One of the most affecting tracks is ‘Stonehurst Cowboy’, a tribute to Gunn’s late Vietnam-veteran father, and the far West Philadelphia neighbourhood of Stonehurst where he grew up.
“He had this nickname as a kid, Stonehurst Cowboy, and he was always talking about how he was the toughest guy in the neighbourhood. It was this running joke we would tease him about,” says Gunn, adding: “Heavily affected by the Vietnam War, he became an adult at hyperspeed after high school when he was drafted — though he didn’t end up actually fighting in Vietnam. He was too young to know what the hell was going on when the war broke, and it wasn’t until he, his brothers, and friends came back to make any sense of it.”
As with ‘Stonehurst’ Gunn recorded the entirety of Unseen with long-time producer James Elkington and jazz drummer T.J. Mainani in Brooklyn’s Strange Weather Studio.

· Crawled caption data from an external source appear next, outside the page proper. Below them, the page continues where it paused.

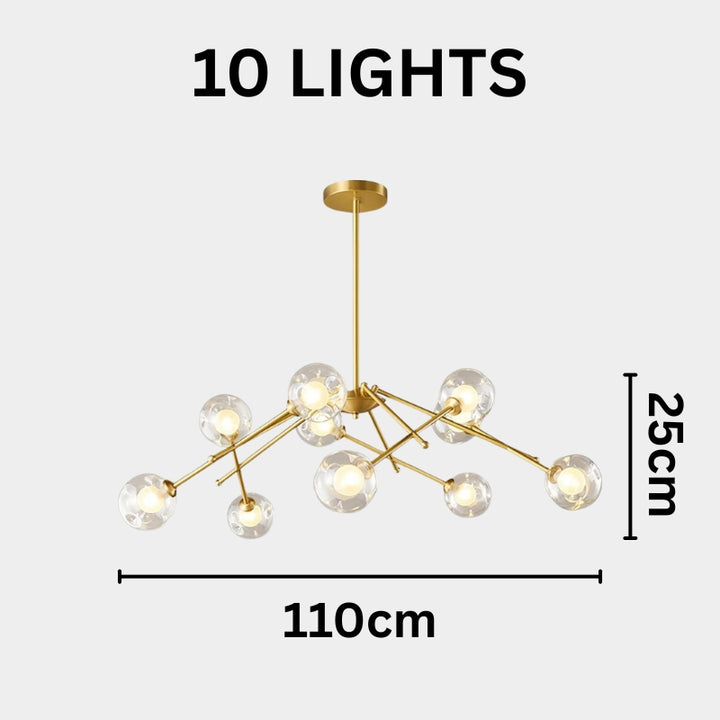NYLAH Modern Brass Globe Contemporary Artistic Design Chandelier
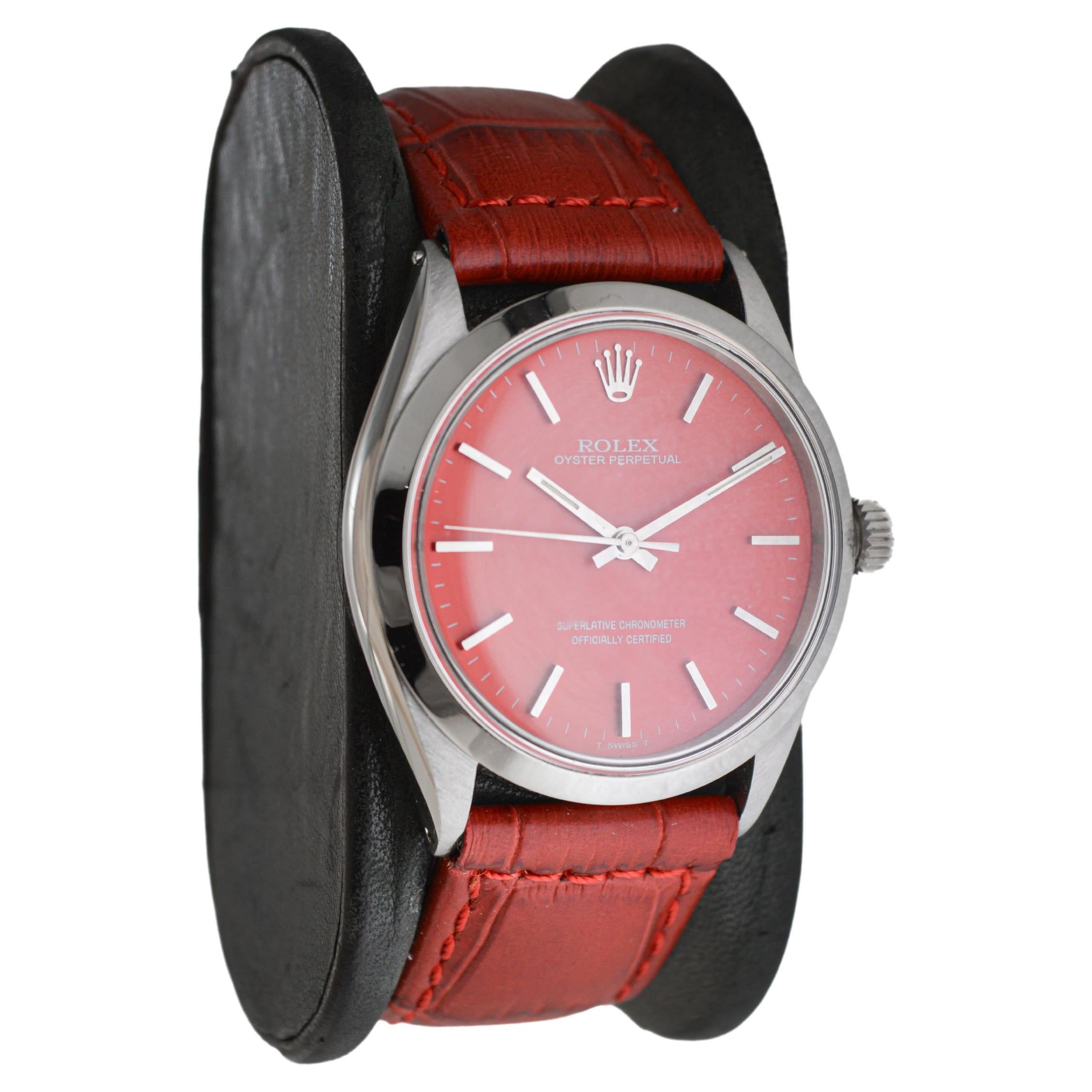 FACTORY / HOUSE: Rolex Watch Company
STYLE / REFERENCE: Oyster Perpetual / Reference 1002
METAL / MATERIAL: Stainless Steel 
CIRCA / YEAR: 1960's 
DIMENSIONS / SIZE: Length 39mm X Diameter 34mm
MOVEMENT / CALIBER: Perpetual Winding / 26 Jewels /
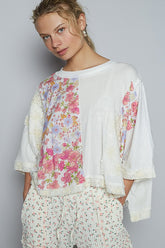POL Floral Lace Patch Round Neck Double Gauze Top OutfitFlow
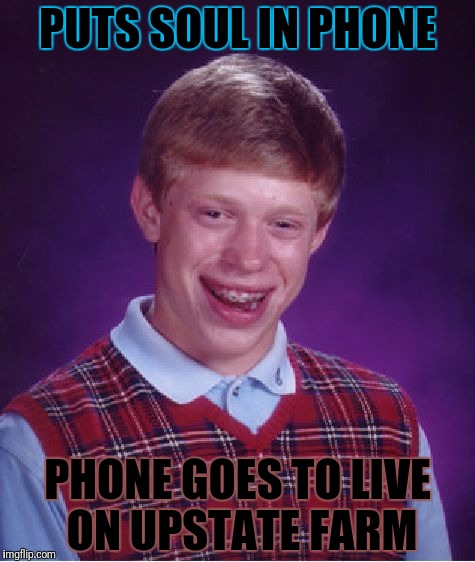 Bad Luck Brian Meme | PUTS SOUL IN PHONE PHONE GOES TO LIVE ON UPSTATE FARM | image tagged in memes,bad luck brian | made w/ Imgflip meme maker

The album also benefited from the experience of Bob Dylan’s long-tenured bassist Tony Garnier, offering up his vast musical knowledge and a slew of anecdotes.
“We’re all Dylan nerds, so we would just sit and listen to his stories. We’d be like little schoolboys,” he laughs. “After day one, we all became fast friends.”
“His whole thing — to me — was just about being yourself and doing your own thing. Just to go in there and sing your song, it’s your song. Don’t worry about anything else. He really figured me out and was so encouraging.”
With the band behind him, Gunn ensured the songs were ready before approaching the studio.
“In the past, I’ve been in a rush to finish things and cramming it all in,” he says.
“I wanted to be able to go in there and sing well and play, at the same time as amazing musicians to help move it along. It sounds kind of silly to say that because that’s how you make a record but it’s always been one of the things that has stressed me out. You’re under a microscope in the studio and time passes quickly.”
"We were all in the room together treating as more performative this time," he continues. “I didn’t do separate vocal takes and it felt very present with the music. For me at least I think that’s very palpable when you can hear a band listening to each other and feeling their way around the music.”
Gunn continues to work on his songwriting and vocal confidence, which he says is an ongoing process.
“I came into songwriting in a weird, reverse trajectory,” he says. “I was into complicated guitar playing and I’m kind of self-taught, so I’ve been figuring out how to become a songwriter… it didn’t come naturally.
“I think I’ve come a long way even just from previous albums.”
Born and raised outside Philadelphia, Gunn studied art history at Temple University before moving to New York and landing a job at a major art gallery. Art philosophies inform his songwriting, which tends to lean towards abstraction.
Unseen’s road-weary tune ‘Vagabond’ is inspired by Gunn’s favourite Agnes Varda film of the same name and paints vivid portraits of wandering vagrants with bright harmonies from Espers’ Meg Baird. The lessons he learned from Walter De Maria, an early bandmate of Lou Reed who later became an influential sculptor, and whose 1997 instillation of 400 stainless steel poles, meanwhile, appear in ‘Lightning Field’.
“I’m not a visual artist,” he says, “but I think art and artists have informed me over time and taught me how to look at things; how to experience spaces, colours, shapes, and sounds.”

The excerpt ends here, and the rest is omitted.